Practice Book § 368 prescribes that such a notice of defenses be filed within 10 days of notice of the default, and Practice Book § 370 prescribes the form for such a notice. While the defendant's "Answer" is in compliance with neither of these provisions, the plaintiff has indicated his willingness to waive these defects and to permit the defendant at the hearing in damages to assert its defenses, as to which it would have the burden of proof.
The defendant points out that this is a 1996 case and that, now that an answer has been filed, opening the default will not seriously prejudice the plaintiff in that the short delay occasioned by the defendant's tardiness is insignificant when compared to the period of time this case will have to wait before it is reached for trial. This argument misses the point.
There is no reason for this court or any litigant to accept as standard procedure the present backlog, with its several year wait before cases are reached for trial. Any party has the right to move its case through the system as expeditiously as it can.

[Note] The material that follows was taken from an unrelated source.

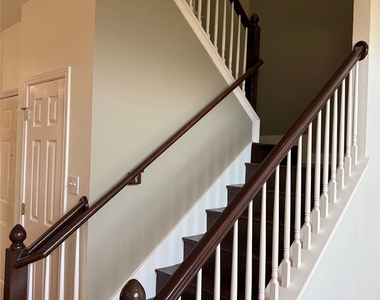1511 Homewood Cir - Photo Thumbnail 13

While many delays are unavoidable and even necessary, those delays that are caused by a deterioration of professional courtesy and indifference to its impact on opposing counsel and parties, especially when accompanied by brinkmanship of the sort displayed in this case, need not be tolerated by litigants and should not be condoned by courts.
This court is extremely reluctant to deny any party its "day in court". If it were faced with the choice of either denying the motion to open and proceeding with a hearing in damages at which the defendant could only offer evidence to reduce the amount of damages, Practice Book § 374, on the one hand, or granting the motion to open on the other, this court would be find it difficult indeed to deny the motion to open. Treating the defendant's purported answer as a Practice Book § 367 notice of defenses, however, permits the court to adhere to the orderly system of pleading prescribed by our Rules of Practice while at the same time not totally denying a dilatory defendant the opportunity to assert its defenses, albeit with the burden of proof shifted to it. Although this court is not convinced that it could, sua sponte, treat the defendant's answer as a notice of defenses, it is persuaded that, given the plaintiff's waiver of his objections to the filing of a notice of defenses based on time and form, it may do so at the request when it is otherwise in the interest of justice to do so.
The defendant's motion to open default is therefore denied. The defendant's purported "Answer" shall be treated as a Practice Book § 367 notice of defenses, which the defendant shall amend within ten days in accordance with Practice Book § 372 so that it complies with Practice Book §§ 370 and 371.